Copper: December copper closed at $3.6905 per pound, up 3.9c on the positive U.S. economic data as well as the manufacturing data from China. The continued weakness in the U.S. dollar also provided the impetus for the buying. Our bearish opinion has obviously been faulty but without confirming economic data and an improvement in the U.S. labor and mortgage situation, we see no reason to turn positive for copper. Timing will be an important factor going forward.
Precious Metals: December gold closed at $1,320.00, up $10.40 per ounce and closed out the week at all time highs. Continued pressure on the U.S. dollar and continued concern over worker dissatisfaction in some of the European countries has added to the upward pressure on gold and silver prices. December silver closed at $22.06 per ounce, up 23.9c following gold and against the dollar. January platinum gained $23.50 per ounce to close at $1,682.10 while December palladium gained $3.65 to close at $574.90. We could see further gains but we are expecting a correction if the dollar stabilization. For that reason we suggest the sidelines for now.
Grains and Oilseeds: December corn closed limit down 30c per bushel at $4.65 ¾ tied to the Thursday quarterly grain stocks report from the USDA. They showed supplies 20% higher than analysts had expected and eased concerns of crop tightness. Stay out for now. December wheat also traded at limit down 30c but managed a shortcovering rally to close at $6.55 down 19c. Recent strength tied to the Russian crop devastation had prompted heavy global buying on concern of supplies but with the heavy selling in corn and beans carrying over the wheat pit created the pressure. Stay out of wheat as well.
November soybeans closed at $10.57 per bushel, down 49.75c and had touched off trailing sell stops early in the session. The dry weather allowed U.S. farmers to accelerate the harvest and that along with beneficial rains in Brazil and Argentina prompted the long liquidation. We continue to favor soybeans in the group but would wait for further information on the harvest and on whether or not the rains in the South American growing areas did in fact have a positive effect on crops. Weather remains a factor for soybeans.
Coffee, Cocoa and Sugar: December coffee closed at $1.8375 per pound, up 7 points and at current levels we prefer the sidelines. December cocoa closed at $2,783 per tonne, down $31 in light trade Friday even as political turmoil continued in Ecuador. Since only 4% of the worlds production is from Ecuador, no real attention was paid by traders. We don’t expect much in the way of activity pending results of West African harvests. Stay out. March sugar closed at 23.32c per pound, down 1.72c on profittaking after recent gains. Beneficial rains in Brazil offset earlier concerns of drought and prompted the selling. We prefer the sidelines in sugar.
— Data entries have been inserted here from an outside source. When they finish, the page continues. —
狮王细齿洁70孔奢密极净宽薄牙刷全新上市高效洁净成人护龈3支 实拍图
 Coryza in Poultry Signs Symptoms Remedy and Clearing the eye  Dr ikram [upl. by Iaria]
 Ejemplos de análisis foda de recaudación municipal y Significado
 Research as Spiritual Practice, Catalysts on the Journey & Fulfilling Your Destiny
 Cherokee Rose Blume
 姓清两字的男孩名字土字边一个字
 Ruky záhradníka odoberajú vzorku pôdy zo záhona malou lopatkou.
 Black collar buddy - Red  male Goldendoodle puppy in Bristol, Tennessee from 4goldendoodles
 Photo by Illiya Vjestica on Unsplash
Cotton: December cotton closed at 98.02c per pound, down 3.9c. Cotton has benefited by the flood damage in Pakistan and China in August causing concern of global shortages. Cotton had traded as high as $1.0519 per pound on September 28th and after reports of above average harvest expected in the U.S. and concern over that could show above average harvesting. Also, India had indicated that a ministerial panel declared “exporters could begin taking registrations as scheduled” lessened the concern over previous indications that India would ban exports until domestic mills were satisfied. We prefer the sidelines but any drop in price to the 90-92c level in cotton would be our signal to turn bullish again.
John L. Caiazzo
Information provided is from sources deemed to be reliable but not guaranteed. Futures and Options trading involve a high degree of risk and may not be suitable for everyone. John Caiazzo is a registered commodities broker with over 40 years experience in investments and opinions are his own and not of the Futures Commission Merchant to which he introduces his clients.